Nelle scuole romane sale la febbre dell’occupazione: in poco tempo ha assunto le sembianze di una pandemia. Sono quasi 20 gli istituti che, a varie riprese, sono stati “paralizzati” dalla protesta: si lamentano antichi ritardi nella programmazione degli studi, l’asfissia di ambienti inadeguati, promesse a pioggia non mantenute, disagi enfatizzati dal Covid, dal tanto tempo trascorso in Dad. Il mondo dei ragazzi sembra risvegliarsi con la più classica (e obsoleta) delle proteste: la presa in ostaggio delle aule. Una dinamica d’altri tempi che accarezza nostalgie romantiche e ben poco d’altro.

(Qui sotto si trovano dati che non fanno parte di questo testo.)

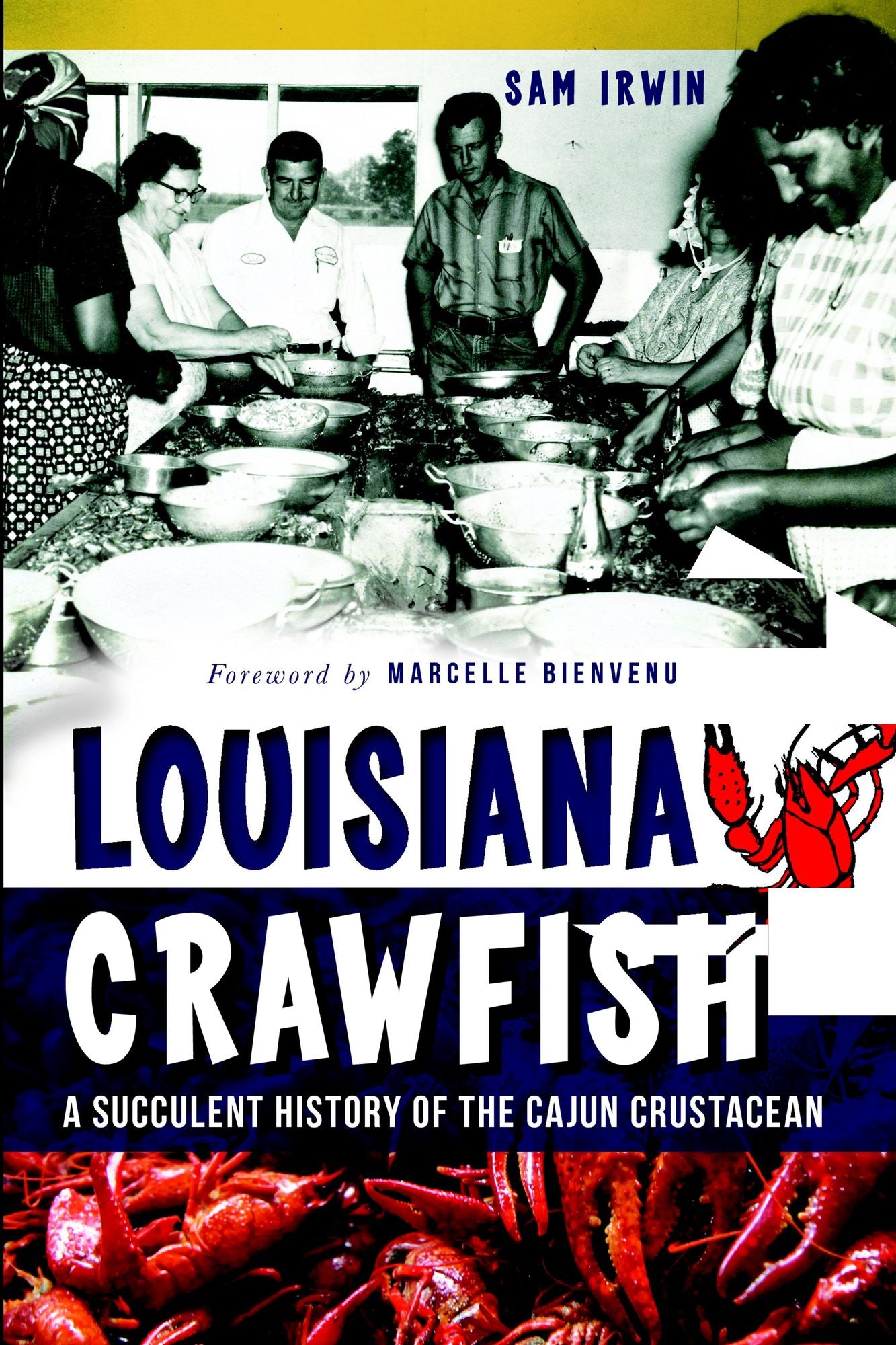 Louisiana Crawfish: A Succulent History of the Cajun Crustacean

Va comunque raccolto il segnale di una certa rabbia. Il rito della occupazione porterà danni agli edifici scolastici, è fatale, e ammaccature agli allievi. Tuttavia, sarebbe un errore far finta di niente.

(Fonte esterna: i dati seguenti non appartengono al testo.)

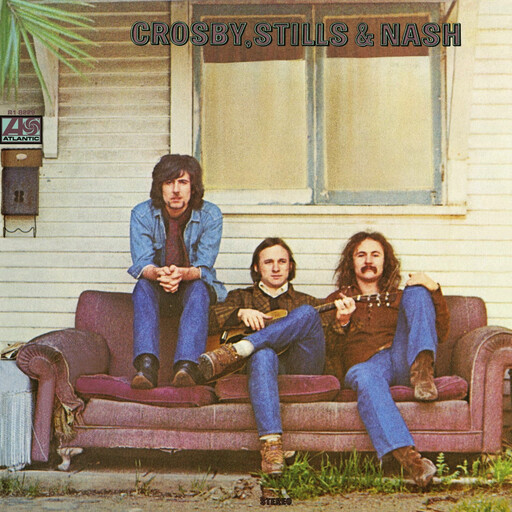 Crosby, Stills &amp; Nash – Crosby, Stills &amp; Nash LP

Al liceo Morgagni, il virus, com’era prevedibile, ha colpito una studentessa e allora è scattato l’allarme generale. Insomma, si occupano gli istituti, ci si ammucchia bivaccando tra banchi e corridoi ma ci si espone al rischio concreto di finire tutti in quarantena. Anche se in tempo di pandemia manifestare è lecito diventa imperativo categorico per tutti comportarsi mantenendo attive e permanenti le regole della salute pubblica. Tanto più nel traballante pianeta dell’istruzione.